REQUIREMENT
Copy verbatim the material from its first line to the line that holds "12x Starmie Lot", including that line.

LISTED ENTRIES
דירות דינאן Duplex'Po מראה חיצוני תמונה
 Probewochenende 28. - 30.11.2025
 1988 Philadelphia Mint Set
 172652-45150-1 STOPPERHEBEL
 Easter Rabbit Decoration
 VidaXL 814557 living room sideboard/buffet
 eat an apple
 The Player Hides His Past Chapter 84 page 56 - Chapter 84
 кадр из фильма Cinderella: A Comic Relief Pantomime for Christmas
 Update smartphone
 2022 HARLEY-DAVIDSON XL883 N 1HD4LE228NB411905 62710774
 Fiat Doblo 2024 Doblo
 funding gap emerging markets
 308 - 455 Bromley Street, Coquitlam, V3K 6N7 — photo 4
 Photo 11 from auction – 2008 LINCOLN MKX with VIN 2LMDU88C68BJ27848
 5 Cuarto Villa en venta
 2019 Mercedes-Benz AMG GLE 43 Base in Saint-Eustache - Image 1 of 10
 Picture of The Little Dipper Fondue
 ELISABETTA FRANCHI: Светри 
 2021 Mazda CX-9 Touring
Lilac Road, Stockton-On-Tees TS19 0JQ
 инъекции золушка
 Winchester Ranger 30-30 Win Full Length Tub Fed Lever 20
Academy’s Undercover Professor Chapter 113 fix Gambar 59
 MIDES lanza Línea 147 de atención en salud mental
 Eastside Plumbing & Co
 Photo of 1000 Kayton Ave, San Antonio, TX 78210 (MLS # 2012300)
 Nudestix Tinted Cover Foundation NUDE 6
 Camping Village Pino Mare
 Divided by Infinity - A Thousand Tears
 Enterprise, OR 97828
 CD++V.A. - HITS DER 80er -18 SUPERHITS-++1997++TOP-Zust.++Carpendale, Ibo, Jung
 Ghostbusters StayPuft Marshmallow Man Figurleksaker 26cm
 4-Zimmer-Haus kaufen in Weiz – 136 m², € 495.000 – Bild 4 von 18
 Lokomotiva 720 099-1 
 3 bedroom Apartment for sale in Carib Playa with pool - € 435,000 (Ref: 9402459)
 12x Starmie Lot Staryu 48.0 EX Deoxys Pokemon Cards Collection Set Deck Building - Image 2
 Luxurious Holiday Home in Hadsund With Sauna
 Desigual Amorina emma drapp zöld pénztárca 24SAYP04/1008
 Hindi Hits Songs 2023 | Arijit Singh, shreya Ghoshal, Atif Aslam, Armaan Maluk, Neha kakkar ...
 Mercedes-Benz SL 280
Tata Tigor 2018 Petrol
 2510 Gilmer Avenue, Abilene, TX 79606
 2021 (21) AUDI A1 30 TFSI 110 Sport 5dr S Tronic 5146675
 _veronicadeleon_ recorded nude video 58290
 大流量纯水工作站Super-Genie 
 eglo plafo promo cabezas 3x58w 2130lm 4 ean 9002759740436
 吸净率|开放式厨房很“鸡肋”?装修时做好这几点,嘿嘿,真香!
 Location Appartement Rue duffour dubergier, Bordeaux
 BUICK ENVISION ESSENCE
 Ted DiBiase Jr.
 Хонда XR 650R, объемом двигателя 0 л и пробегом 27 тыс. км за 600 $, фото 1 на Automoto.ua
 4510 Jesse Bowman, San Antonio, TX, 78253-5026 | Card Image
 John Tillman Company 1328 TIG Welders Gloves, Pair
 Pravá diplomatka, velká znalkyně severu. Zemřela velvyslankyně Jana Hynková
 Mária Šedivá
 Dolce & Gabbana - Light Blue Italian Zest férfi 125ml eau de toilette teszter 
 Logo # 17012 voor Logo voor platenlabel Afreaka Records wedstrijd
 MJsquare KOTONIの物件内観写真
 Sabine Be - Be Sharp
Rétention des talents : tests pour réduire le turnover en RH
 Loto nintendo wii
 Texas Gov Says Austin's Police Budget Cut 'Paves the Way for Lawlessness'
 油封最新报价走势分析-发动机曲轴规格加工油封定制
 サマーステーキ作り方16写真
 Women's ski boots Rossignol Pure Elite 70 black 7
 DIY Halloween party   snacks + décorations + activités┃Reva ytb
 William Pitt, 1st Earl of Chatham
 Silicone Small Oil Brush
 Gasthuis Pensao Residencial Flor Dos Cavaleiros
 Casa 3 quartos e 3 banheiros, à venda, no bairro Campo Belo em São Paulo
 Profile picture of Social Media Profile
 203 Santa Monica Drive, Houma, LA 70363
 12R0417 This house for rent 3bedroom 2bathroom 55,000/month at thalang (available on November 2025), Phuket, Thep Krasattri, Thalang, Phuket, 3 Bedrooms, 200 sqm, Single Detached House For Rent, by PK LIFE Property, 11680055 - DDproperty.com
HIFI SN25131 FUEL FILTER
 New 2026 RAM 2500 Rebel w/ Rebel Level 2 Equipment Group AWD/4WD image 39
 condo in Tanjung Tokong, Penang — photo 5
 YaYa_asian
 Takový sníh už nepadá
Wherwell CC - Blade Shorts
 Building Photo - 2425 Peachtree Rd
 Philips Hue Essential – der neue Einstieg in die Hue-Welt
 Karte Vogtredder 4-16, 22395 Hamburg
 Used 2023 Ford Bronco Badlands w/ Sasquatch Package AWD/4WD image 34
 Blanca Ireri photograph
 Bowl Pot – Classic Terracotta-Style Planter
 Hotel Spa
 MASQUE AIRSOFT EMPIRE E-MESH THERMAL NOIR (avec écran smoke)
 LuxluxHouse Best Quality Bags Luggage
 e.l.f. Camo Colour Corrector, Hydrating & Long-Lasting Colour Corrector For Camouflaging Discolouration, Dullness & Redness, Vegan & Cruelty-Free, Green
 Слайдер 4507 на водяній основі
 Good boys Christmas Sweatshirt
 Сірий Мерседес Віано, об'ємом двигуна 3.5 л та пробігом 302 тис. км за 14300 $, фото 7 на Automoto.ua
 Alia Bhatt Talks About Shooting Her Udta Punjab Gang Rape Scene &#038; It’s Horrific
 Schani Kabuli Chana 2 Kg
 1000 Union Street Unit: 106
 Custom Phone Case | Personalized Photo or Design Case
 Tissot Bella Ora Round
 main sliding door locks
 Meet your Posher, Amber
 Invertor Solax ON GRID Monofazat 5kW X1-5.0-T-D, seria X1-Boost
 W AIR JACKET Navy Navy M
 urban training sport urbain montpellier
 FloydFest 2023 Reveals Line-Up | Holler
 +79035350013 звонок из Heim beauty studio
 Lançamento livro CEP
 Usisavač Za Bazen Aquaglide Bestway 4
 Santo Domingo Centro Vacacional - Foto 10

RESPONSE AREA
דירות דינאן Duplex'Po מראה חיצוני תמונה
 Probewochenende 28. - 30.11.2025
 1988 Philadelphia Mint Set
 172652-45150-1 STOPPERHEBEL
 Easter Rabbit Decoration
 VidaXL 814557 living room sideboard/buffet
 eat an apple
 The Player Hides His Past Chapter 84 page 56 - Chapter 84
 кадр из фильма Cinderella: A Comic Relief Pantomime for Christmas
 Update smartphone
 2022 HARLEY-DAVIDSON XL883 N 1HD4LE228NB411905 62710774
 Fiat Doblo 2024 Doblo
 funding gap emerging markets
 308 - 455 Bromley Street, Coquitlam, V3K 6N7 — photo 4
 Photo 11 from auction – 2008 LINCOLN MKX with VIN 2LMDU88C68BJ27848
 5 Cuarto Villa en venta
 2019 Mercedes-Benz AMG GLE 43 Base in Saint-Eustache - Image 1 of 10
 Picture of The Little Dipper Fondue
 ELISABETTA FRANCHI: Светри 
 2021 Mazda CX-9 Touring
Lilac Road, Stockton-On-Tees TS19 0JQ
 инъекции золушка
 Winchester Ranger 30-30 Win Full Length Tub Fed Lever 20
Academy’s Undercover Professor Chapter 113 fix Gambar 59
 MIDES lanza Línea 147 de atención en salud mental
 Eastside Plumbing & Co
 Photo of 1000 Kayton Ave, San Antonio, TX 78210 (MLS # 2012300)
 Nudestix Tinted Cover Foundation NUDE 6
 Camping Village Pino Mare
 Divided by Infinity - A Thousand Tears
 Enterprise, OR 97828
 CD++V.A. - HITS DER 80er -18 SUPERHITS-++1997++TOP-Zust.++Carpendale, Ibo, Jung
 Ghostbusters StayPuft Marshmallow Man Figurleksaker 26cm
 4-Zimmer-Haus kaufen in Weiz – 136 m², € 495.000 – Bild 4 von 18
 Lokomotiva 720 099-1 
 3 bedroom Apartment for sale in Carib Playa with pool - € 435,000 (Ref: 9402459)
 12x Starmie Lot Staryu 48.0 EX Deoxys Pokemon Cards Collection Set Deck Building - Image 2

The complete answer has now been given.